Cocktails and A Movie: Discussing Censorship, Bar Nuts and Breen on the Set of Casablanca


This week’s post has us traveling all the way back to a cosmopolitan city in exotic 1940s North Africa, thanks to a lovely invitation from the Pure Entertainment Preservation Society. This weekend, October 13th – 15th marks the date of the Great Breening Blogathon featuring Joseph Breen, an influential, but seldom remembered figure in filmmaking during the glamorous days of old Hollywood.

Joseph Breen (1888-1965)

Joseph was the enforcer behind the Production Code Administration, set up during the 1930s, which acted as a morality censor for all film scripts, scenes, and storylines in the motion picture industry. Bolstered by his own Catholic beliefs and the bishops who originally wrote the code, Joseph was not interested in seeing sexy, sensual imagery on the big screen and the PCA wasn’t interested in exposing such immorality to the American movie-going public.  The thought of being subjected to plotlines involving extra-marital affairs, obscene language, excessive violence, or varying degrees of nudity was offensive. Family-friendly American-made films were not the place for such suggestive behavior according to Joseph and the PCA.

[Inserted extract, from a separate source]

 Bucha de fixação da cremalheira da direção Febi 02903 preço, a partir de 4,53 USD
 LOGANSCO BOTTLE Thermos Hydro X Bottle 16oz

With line-by-line lists of can’t-do’s and won’t-permits attached to each script that the PCA reviewed, screenwriters and directors were challenged with creative ways to express characters’ motives and actions while also keeping their plots plausible and compelling. How do you portray magnetic chemistry without showing a steamy, passionate kiss? How do you elude to compromising situations without showing corrupt scandals? How do you make your central location not look or sound like the most unethical, debaucherous place in the world yet still convey to watchers that shady dealings are happening right and left? And ultimately, how do you tell one of the most romantic and dramatic love stories of all time without showing anyone caught up in the physical throes of passion?

The answer is Casablanca.

Many noteworthy movies from the Golden Age of Hollywood were questioned by Joseph and the PCA. The Outlaw (Howard Hughes’ 1943 western) showed too much of Jane Russell’s cleavage; the “damn” in Rhett Butler’s famous “Frankly, my dear, I don’t give a damn” line in Gone With the Wind was flagged for unnecessary profanity; and the fact that Casablanca’s Ilsa was married at the time she first met Rick was altogether too salacious for the PCA to greenlight.  All three movies managed to overcome these sticky spots eventually, but not without some major behind-the-scenes defense tactics for creative license.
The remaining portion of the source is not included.